THE DATA
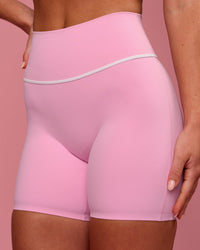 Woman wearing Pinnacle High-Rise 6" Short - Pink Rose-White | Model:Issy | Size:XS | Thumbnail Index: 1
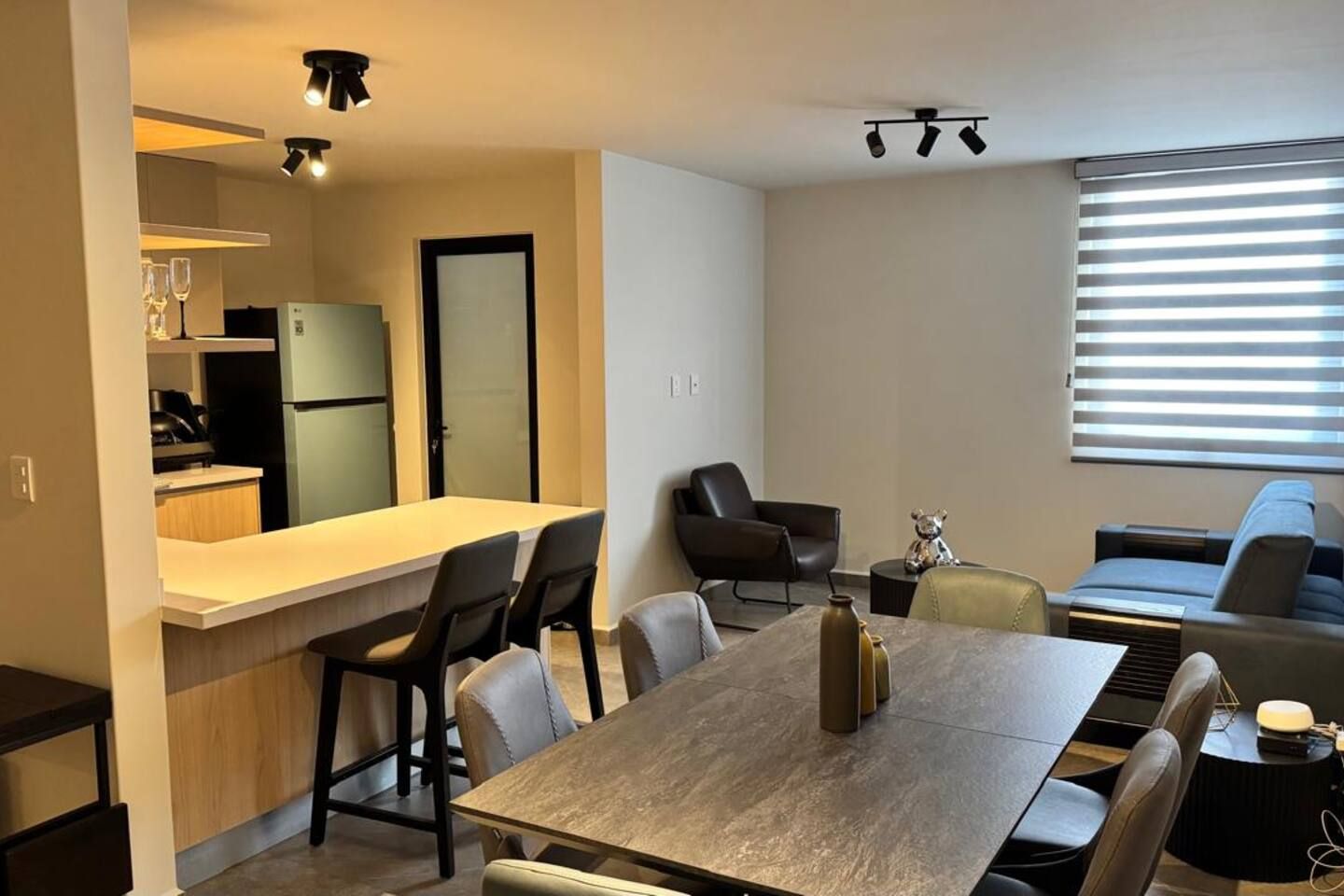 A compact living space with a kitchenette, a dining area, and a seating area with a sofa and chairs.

* * *

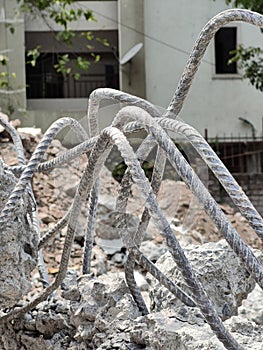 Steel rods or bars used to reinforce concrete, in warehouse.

ASSIGNMENT
Start at the line above containing "Woman wearing Pinnacle" and stop at the line containing "A compact living": print those lines and everything between them exactly, but not the pictures.

EXPECTED ANSWER
 Woman wearing Pinnacle High-Rise 6" Short - Pink Rose-White | Model:Issy | Size:XS | Thumbnail Index: 1
 A compact living space with a kitchenette, a dining area, and a seating area with a sofa and chairs.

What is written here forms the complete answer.